There are currently only ten living synagogues in Maharashtra and seventeen all over India, majorly in Gujarat, West Bengal, New Delhi and Kerala.

 

However, the Baghdadis are facing hardship to survive in India. ‘We eat vegetarian foods mostly, as we need Kosher meat on most days it's difficult to find here’, said Ellis Jacob. Talking of their food culture, he said, ‘We still cook Iraqi food at our homes, the Indian food is very different from ours.’ Ellis stayed back in Mumbai after his sister’s early marriage. Now his only reason to stay back is his daughter who married a non-Jew in the city. Bene Israelis, on the contrary, share similar Maharashtrian habits: ‘We adapted several cultures from the non-Jewish societies and follow some Indian wedding rituals too’, said Bamnolkar.

 

Menash Chordekar, a member of the Bene Israeli community, has been living in India for the last 70 years of his life. ‘I’ve had Israel’s flag on my balcony for years and proudly claimed “This is a Jewish family”’, he says.


 

Crisis in diaspora

 

The Jewish diaspora of nearly 4,000 members in the country has been listed as a minority in the states of West Bengal, Gujarat and Maharashtra. The return to Israel, according to their members, will only make them safer living with their community.

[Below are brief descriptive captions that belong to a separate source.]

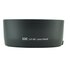 JJC LH-68 paraluce 4,9 cm Rotondo Nero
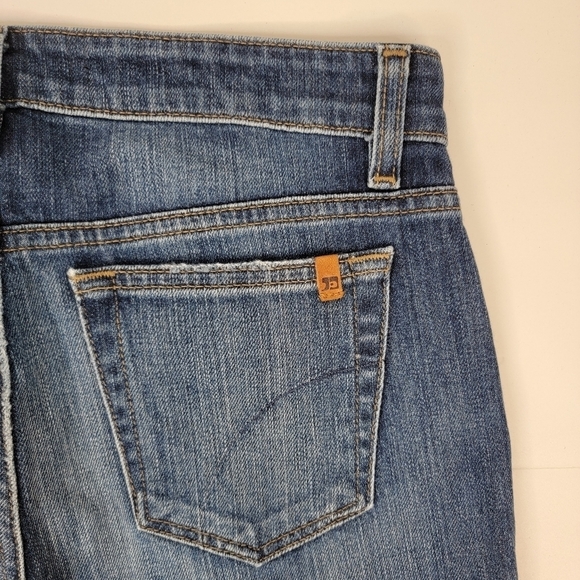 Joes Jeans Sz 28 Colletti Jeans Skinny Fray Released Hem Womens - Picture 9 of 9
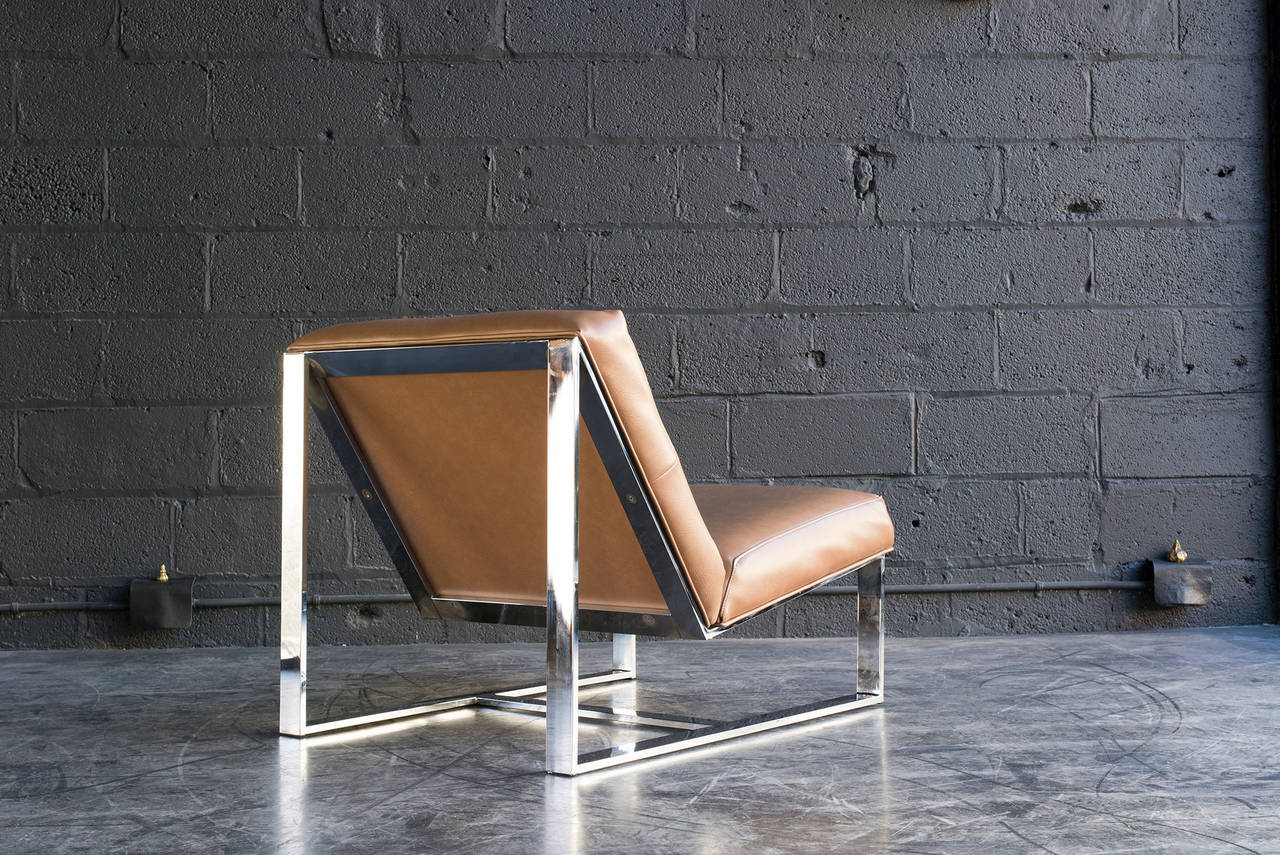 Milo Baughman Lounge Chairs 4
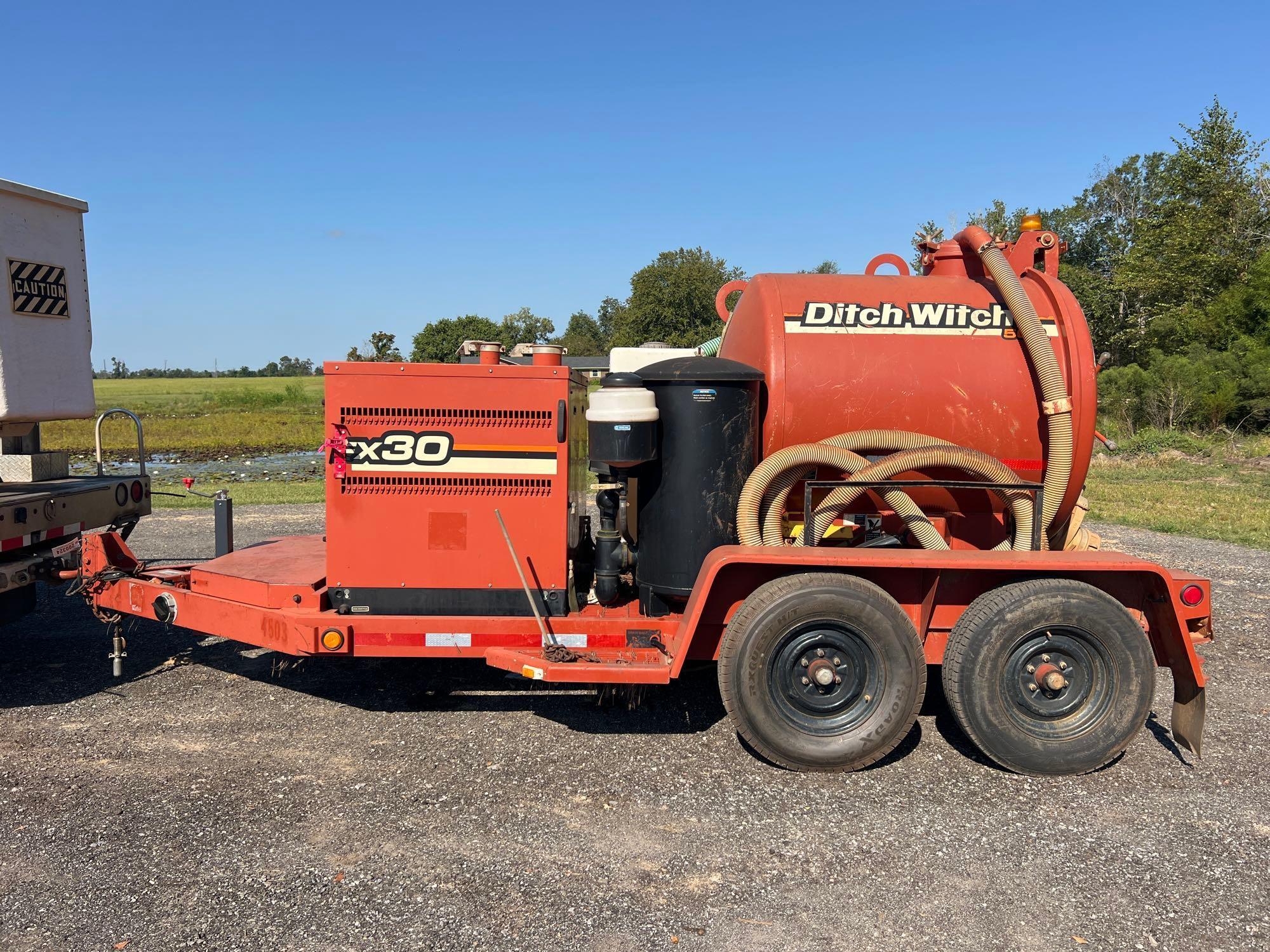 DITCH WITCH FX30 VACUUM TRAILER (A51406)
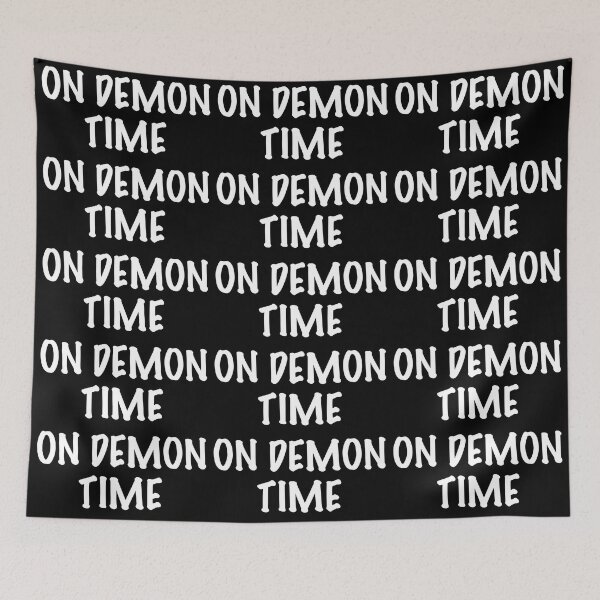 Item preview, ON DEMON TIME designed and sold by john ares.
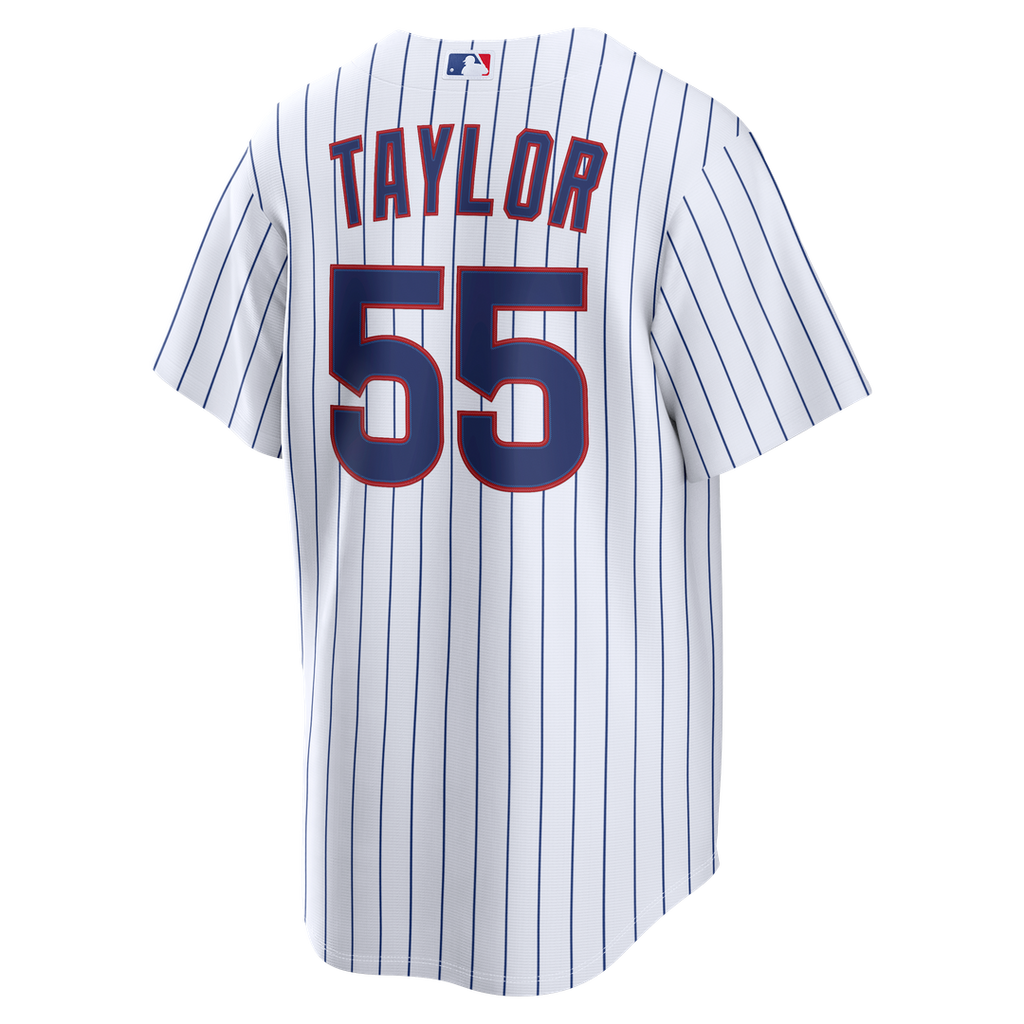 Chicago Cubs Tyrone Taylor Nike White Home Replica Jersey
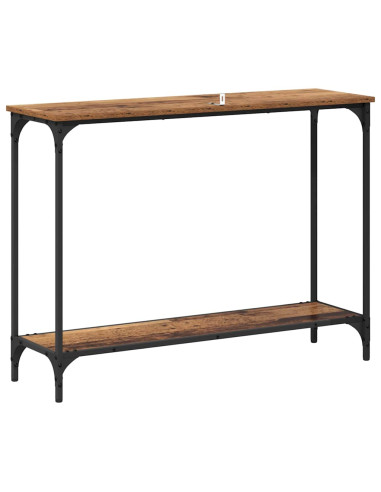 Tavolo consolle Legno vecchio 101 x 30.5 x 75 cm
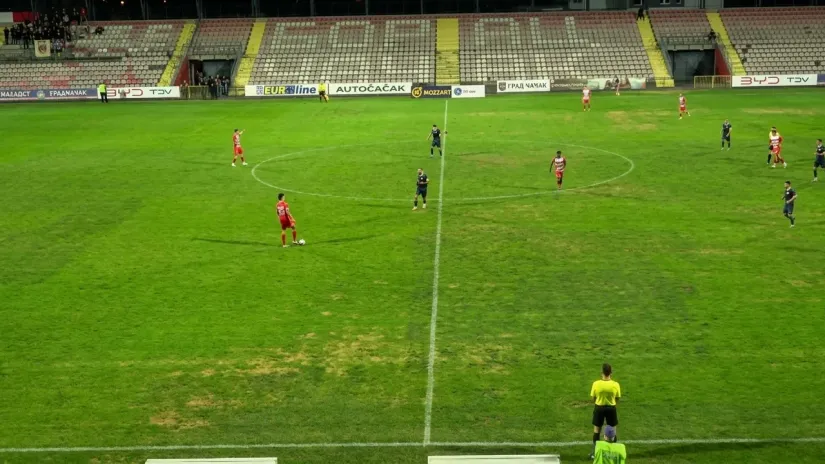 Duh posleratne SR Jugoslavije nakratko oživeo u Čačku (VIDEO)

Chordekar states the community will see an end in the next five years in India. ‘I cannot shift back after migrating. We have no members left here, tomorrow if something happens to me, who will look after me? The government there (in Israel) takes care of us.’

 

In 1950, the ‘Law of Return’ (Aliyah) was introduced after the State of Israel was formed in the name of religion for the Jews spread worldwide to settle in Israel. The law gave Jewish immigrants access to all the rights of Israeli citizens.

 

Rina Korolkar, a 42-year-old Bene Israeli, moved to Israel in 1998 under Aliyah immigration. However, the racial discrimination at her workplace has persisted: ‘I never miss out on a chance to cook Maharashtrian cuisines and speak Marathi here in Israel’, she said.


 

Motherland vs Holyland

 

As per Chordekar, ‘Jews living in India always had this belief that India is our motherland and Israel is our fatherland’. But as the migration takes place under the Law of Return and, as mentioned in Jewish history, they wish to return to Israel at some time in their life, the Jews living in Mumbai state that once they migrate to Israel, they wish to keep visiting their ‘motherland’ but never to settle back.

 

In his several writings of the 1920s, the political ideologist of Rashtriya Swayamsevak Sangh (RSS) Vinayak Damodar Savarkar excluded Abrahamic religions when he talked about Hindutva. In the thought of Savarkar, Hindutva included every aspect and every breed of religiosity apart from Abrahamic religions – essentially Islam, Christianity and Judaism.

 

Savarkar further argued that the acknowledgement of India as one’s ‘motherland’ was insufficient and Indians must also fulfil the requirement of a ‘holy land’. Although the current Bhartiya Janata Party (BJP) government walks on the road paved by RSS and advocates Hindutva, the Jews apparently have not faced much discrimination being a minority unlike Muslims, Dalits and other minority groups.

‘The majority of our community have an overall positive experience in terms of our stay in the country, we never faced any issue or discrimination from any religious group. We have lived a good time in India and share a relatively good bond’, said Chordekar.

Aparajita Ghosh.jpg

Aparajita Ghosh

Aparajita is an independent journalist based in Mumbai, India. She covers human rights, minorities and cultures. Twitter: @_aparajitaghosh.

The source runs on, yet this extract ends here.